Il affirme à Patrice qu'il l'avait prévenu d'une contre-indication psychiatrique. Devant ce mensonge, Patrice ne lui cache pas qu'il a porté plainte contre lui et la psychiatre Hélène Scapa pour mise en danger de la vie d'autrui.

Le 24 juillet 2014 il revoie cette psychiatre pour lui demander son rapport du 26 juin 2013 dans lequel elle aurait indiqué à l'hépatologue de ne pas le soigner à l'Interféron.
Elle prétend que le dossier est en chirurgie, ainsi que le dossier d'hépatologie.
En chirurgie, la secrétaire fait une recherche feuille après feuille mais ne trouve rien.

Le chirurgien programme une chimio-embolisation pour le 23 juillet 2014, soit 8 mois après la découverte du premier nodule le 6 décembre 2013.

Patrice fait reporter cette opération au 31 juillet 2014. Catherine prend l'avion pour le soutenir pendant les premiers jours de la chimio, elle est furieuse d'apprendre que la date est reportée à une date ultérieure "faute de lit".

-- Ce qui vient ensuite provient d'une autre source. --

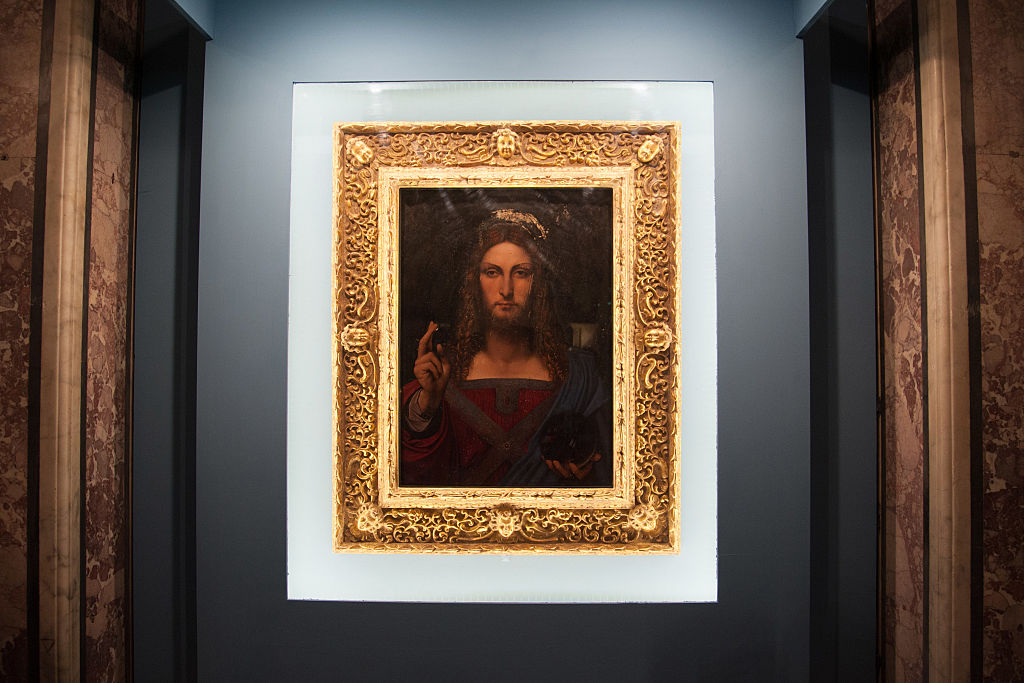Missing $450 Million Da Vinci Piece Might Be on MBS' Yacht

Finalement la chimio-embolisation sera faite le 21 août 2014.

Patrice reçoit le 21 août 2014 une convocation de la police des" délits à la personne" pour avoir enregistré son entrevue avec la juge des liberté et peines du 14 avril 2014, ordonnée par le parquet du TGI de Paris.
C'est le 6ème procès contre Patrice qui ne sera jamais tranquille, sauf à être mort ou président de la République !

L'histoire s'arrête là, à ce jour (25 août 2014).

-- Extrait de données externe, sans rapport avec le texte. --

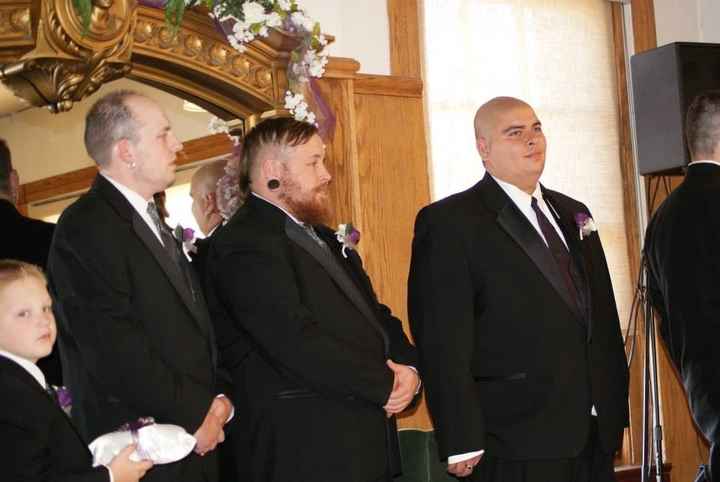 Back and married!! With a couple non-pro pics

Pendant ce temps, le Service de probation et d'Insertion Pénitentiaire continue de convoquer Patrice pour sa condamnation du 19 septembre 2012, celle de la rébellion inventée par l'agent David Gatty.
L'avant-dernière convocation aura lieu le 24 septembre 2014, alors que Patrice sera sous les effets secondaires de la chimio : vomissements, diarrhées, fièvre, perte de cheveux, douleurs abdominales.

La dernière convocation aura lieu en octobre 2014, les 2 ans de probation auront été réduits à 6 mois, avec des convocations espacées de 2 mois, une obligation de soins psychiatriques consistant seulement à produire une preuve d'une consultation par un psychologue ou psychiatre.
Le rendez-vous du 24 juillet avec la psychiatre Hélène Scapa fera l'affaire.
Il devra néanmoins payer par petites mensualités d'environ 50€ la somme de 390€ d'indemnités à l'agent David Gatty qui l'avait massacré le 15 mars 2011.
En ce qui concerne les 2 000€ exigés par la cour de cassation, pas de nouvelles.

Tant de persécutions devraient faire comprendre à ceux qui ne l'ont (ou ne veulent pas) l'admettre, que Patrice est vraiment craint par le système, parce qu'il est devenu le seul à pouvoir prouver toutes ces aberrations incroyables, le seul à avoir élaboré, "in vivo", les solutions à appliquer immédiatement.


Patrice demande d'urgence une entrevue avec le chef d'état-major des Armées.

Voilà, c'est notre pays des droits de l'Homme.